# Data below
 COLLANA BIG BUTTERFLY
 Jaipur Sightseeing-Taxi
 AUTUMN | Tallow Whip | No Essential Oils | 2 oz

# Your goal
Please reproduce each line above exactly as written.

# Output of the task
 COLLANA BIG BUTTERFLY
 Jaipur Sightseeing-Taxi
 AUTUMN | Tallow Whip | No Essential Oils | 2 oz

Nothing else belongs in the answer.